• **What is required**
Begin the copy at the line that contains "Skygo 316L Steel", end it at the last line of the entries below, keep every word exact, and include no pictures.
[Excerpted data Boundary: Start]
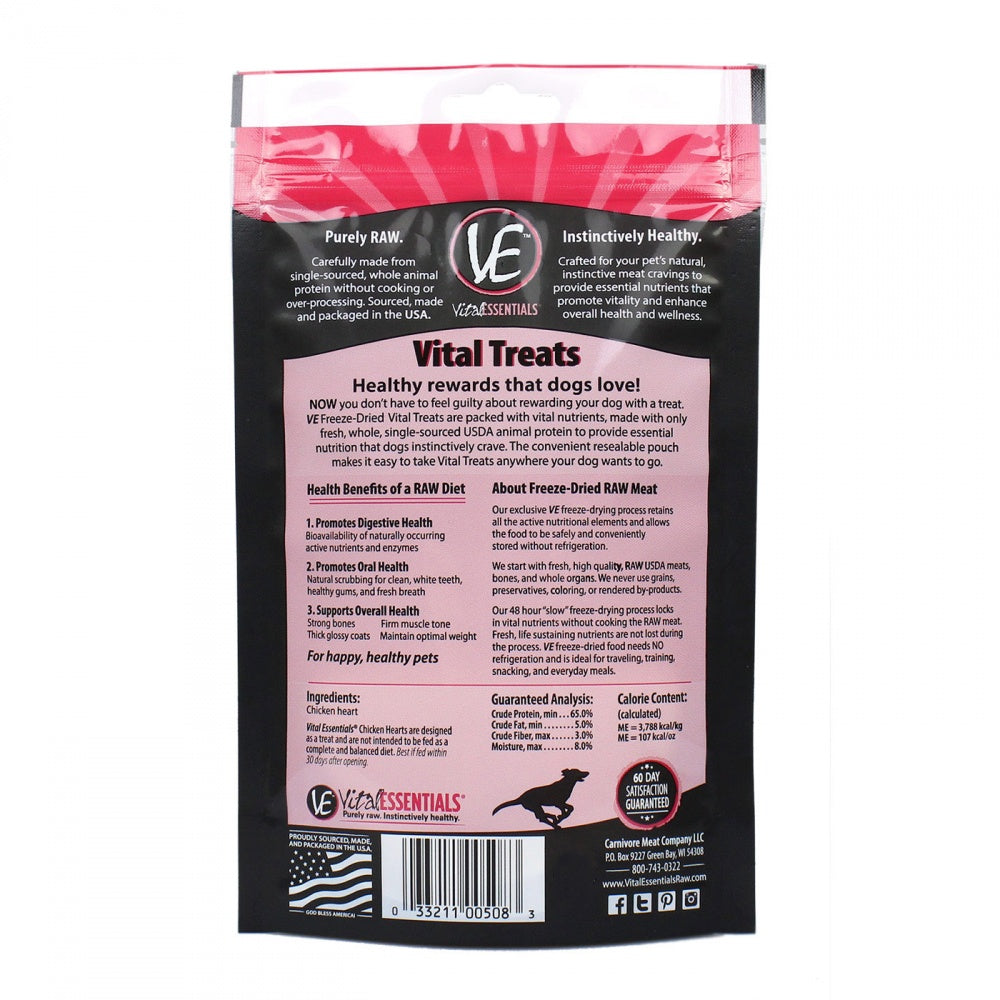 Vital Essentials Freeze Dried Vital Treats Grain Free Chicken Hearts Dog Treats  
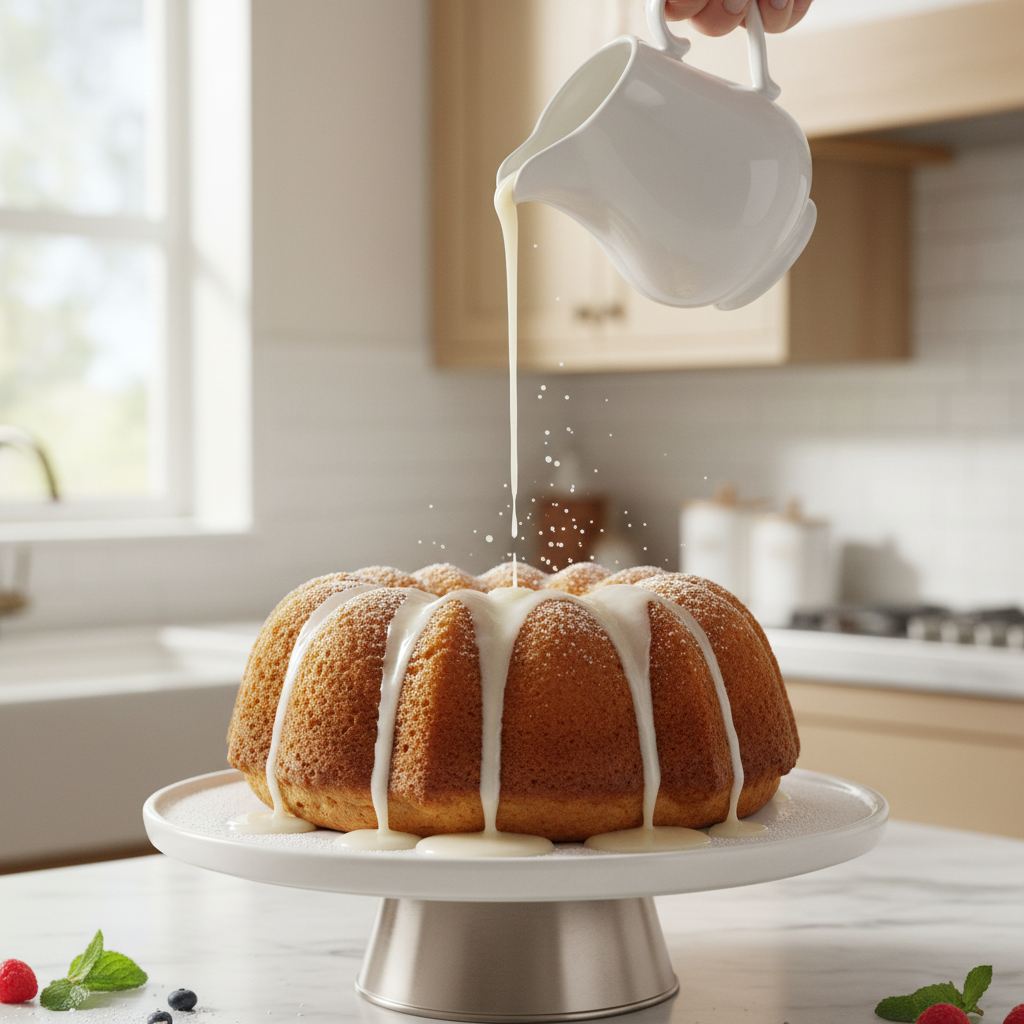 Drizzling simple sugar icing over a bundt cake for a smooth finish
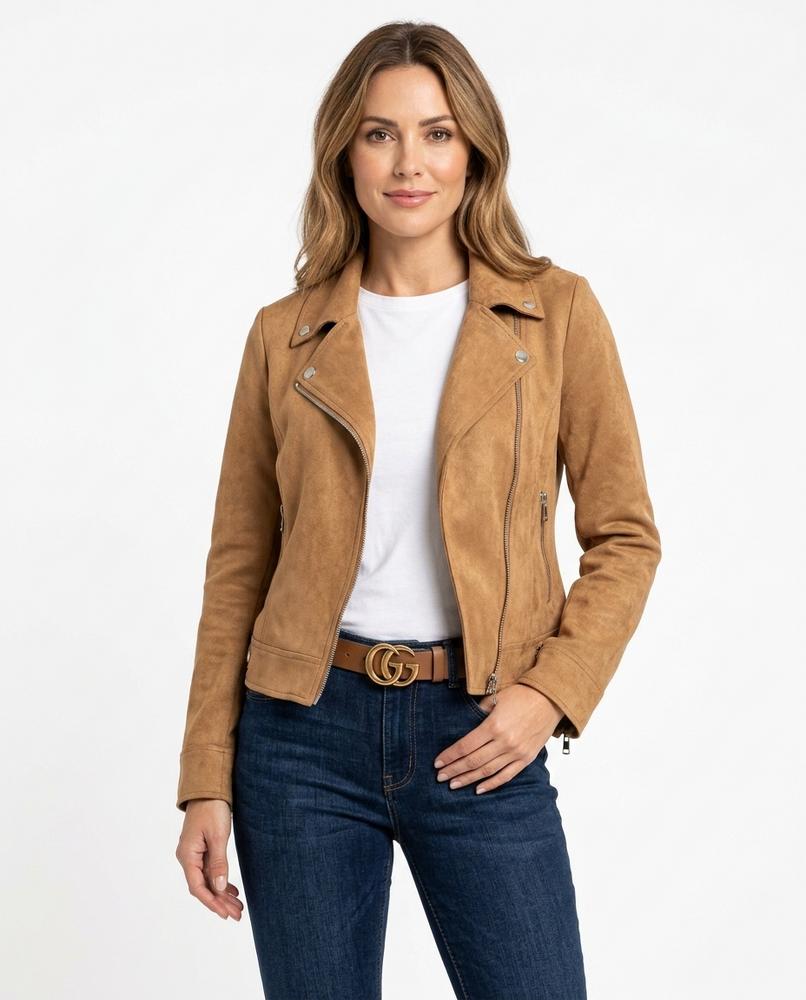 Heidi-Outlet - Lymar | Asymmetrical Faux Suede Jacket Women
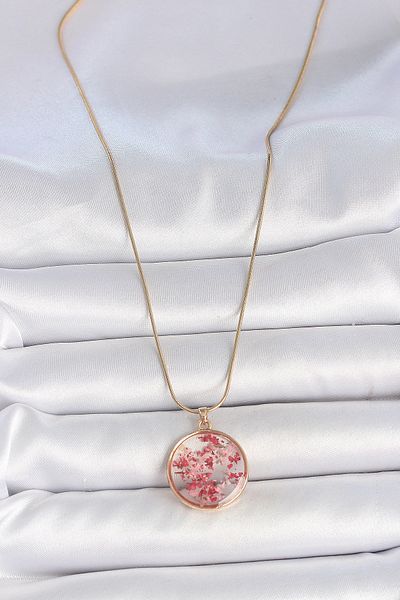 Skygo 316L Steel Gold Color Chain Epoxy Natural Flower Model Women's Necklace - Tj-Bko10069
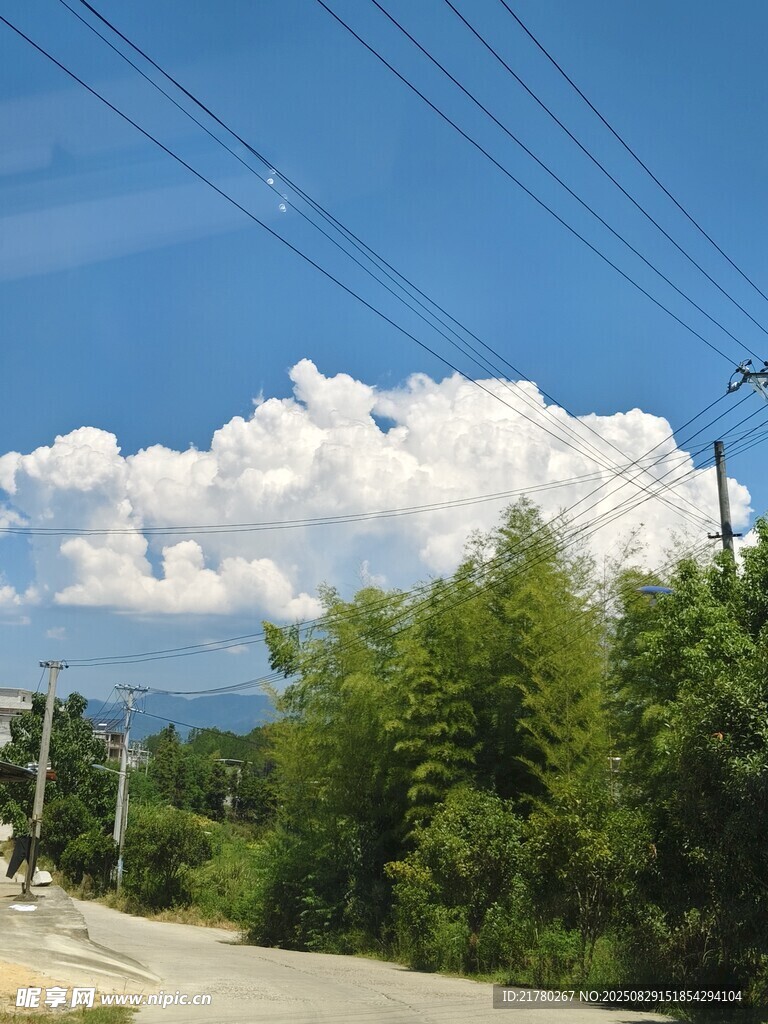 鄉(xiāng)村公路邊的藍(lán)天白云綠樹(shù)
[Excerpted data Boundary: End]
• **Result of this exercise**
 Skygo 316L Steel Gold Color Chain Epoxy Natural Flower Model Women's Necklace - Tj-Bko10069
 鄉(xiāng)村公路邊的藍(lán)天白云綠樹(shù)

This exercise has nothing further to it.